The inequality in $\sum_{k\le j \le i\le n} a_{i,j}$ means that you are summing up all $a_{i,j}$ with $i,j$ satisfying $k\le j\le i \le n$. ( $i, j$ are just dummy variables in this case)
It will make sense if you read the double summation from the left to the right.
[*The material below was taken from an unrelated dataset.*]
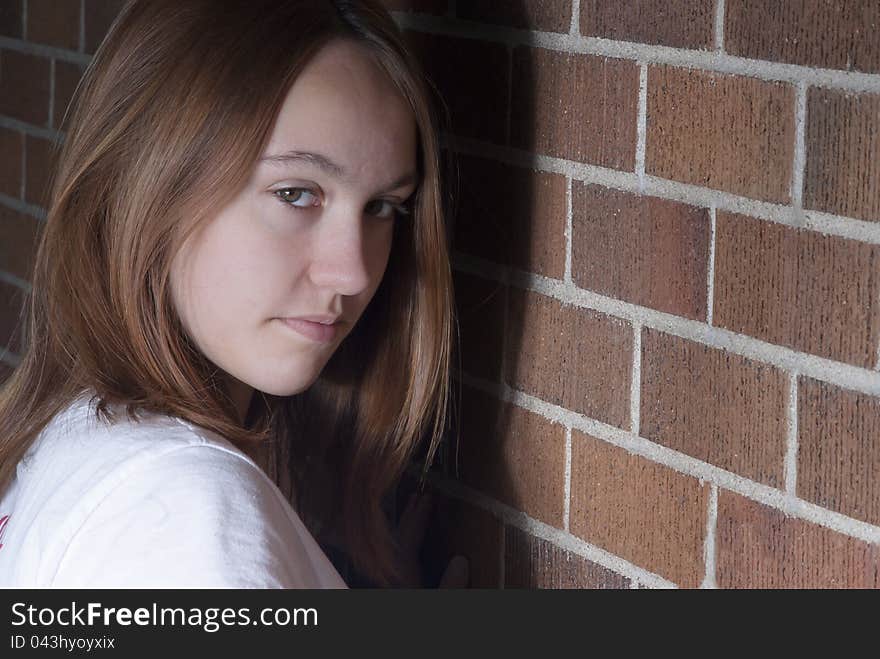 Girl against the wall trying to be sneaky, or cute. Girl against the wall trying to be sneaky, or cute.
The first $\sum_{i=k}^n$ means that you are summing from $i=k$ to $i=n$ so it's necessary that $k\le i\le n$. Then you read the second sum, $\sum_{j=k}^i$, which means summing from $j=k$ to $j=i$, so it's necessary that $k\le j\le i$. Combining $k\le i\le n$ and $k\le j\le i$ yield $k\le j\le i \le n$.
For $\sum_{j=k}^n\sum_{i=j}^n a_{i,j}$, reading from the left to the right leads to $k\le j\le n$ and $j\le i\le n$, which again yield $k\le j\le i \le n$.
Finally, $\sum_{j=0}^{n-k}\sum_{i=k}^{n-j} a_{i+j,i}$ indicates that $0\le j\le n-k$ and $ k\le i\le n-j$, which leads to $k\le i\le j+i \le n$. Then you notice in this case the terms are $a_{i+j,i}$ instead of $a_{i,j}$, but with the inequality changed it still means the same summation.
BTW, check out user296113's picture, it's easier to understand visually.